EXERCISE PROMPT:
Word for word, reproduce each line of the data below, omitting every image.

EXERCISE DATA:
+---+
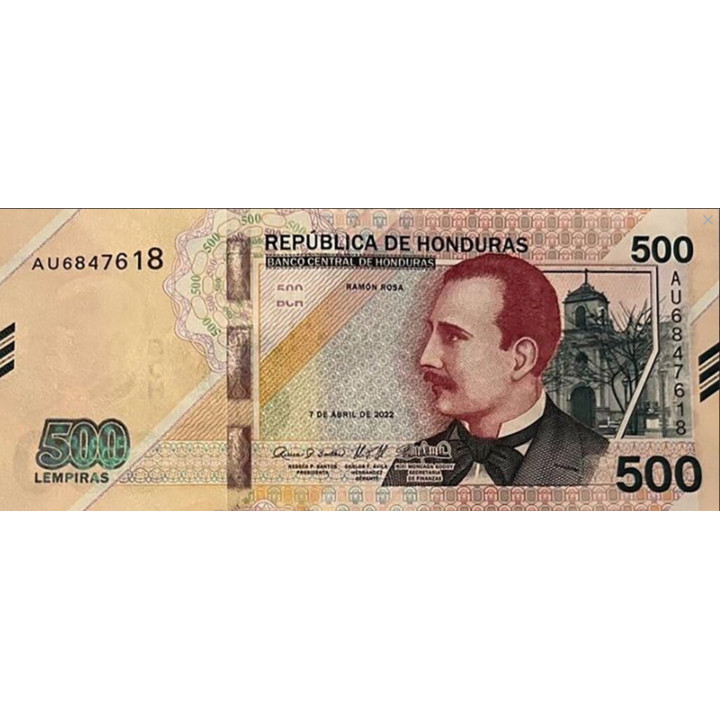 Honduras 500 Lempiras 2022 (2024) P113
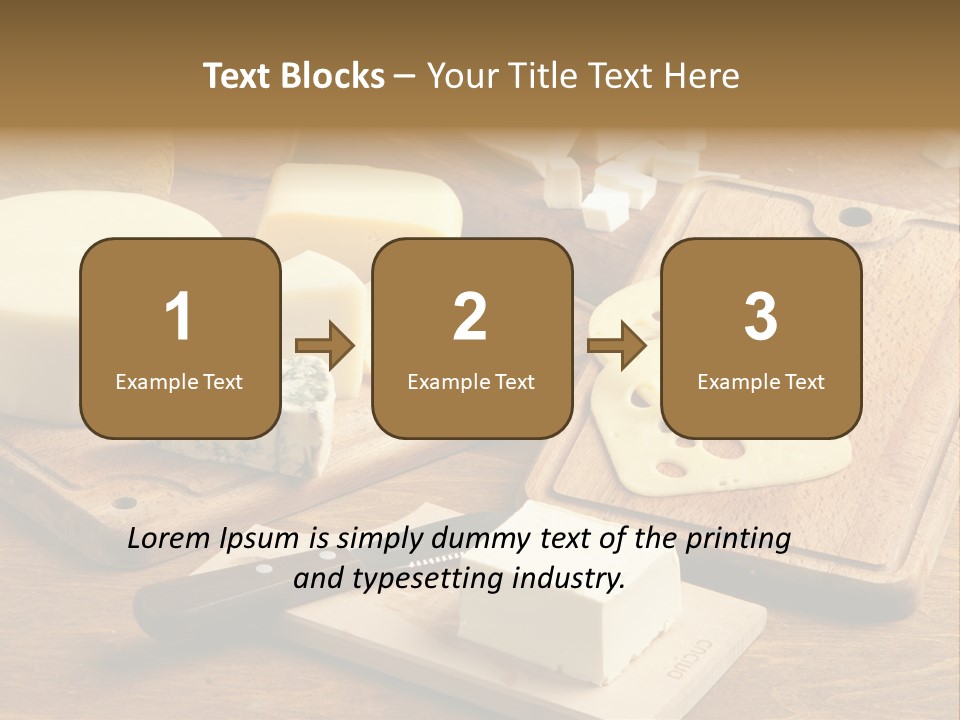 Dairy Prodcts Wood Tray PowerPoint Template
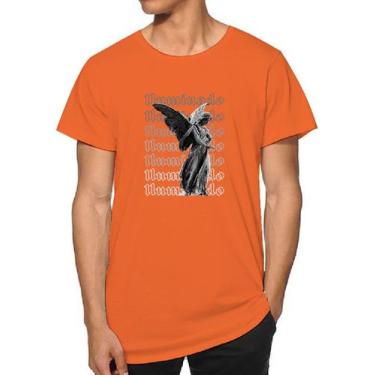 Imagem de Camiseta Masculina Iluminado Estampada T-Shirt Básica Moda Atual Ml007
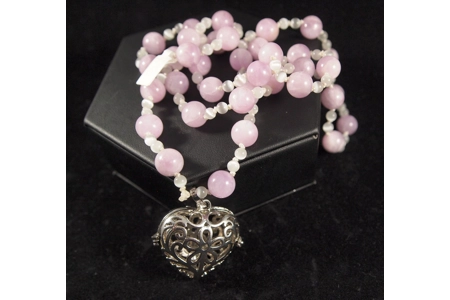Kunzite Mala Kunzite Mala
+---+
YOUR RESPONSE:
 Honduras 500 Lempiras 2022 (2024) P113
 Dairy Prodcts Wood Tray PowerPoint Template
 Imagem de Camiseta Masculina Iluminado Estampada T-Shirt Básica Moda Atual Ml007
Kunzite Mala Kunzite Mala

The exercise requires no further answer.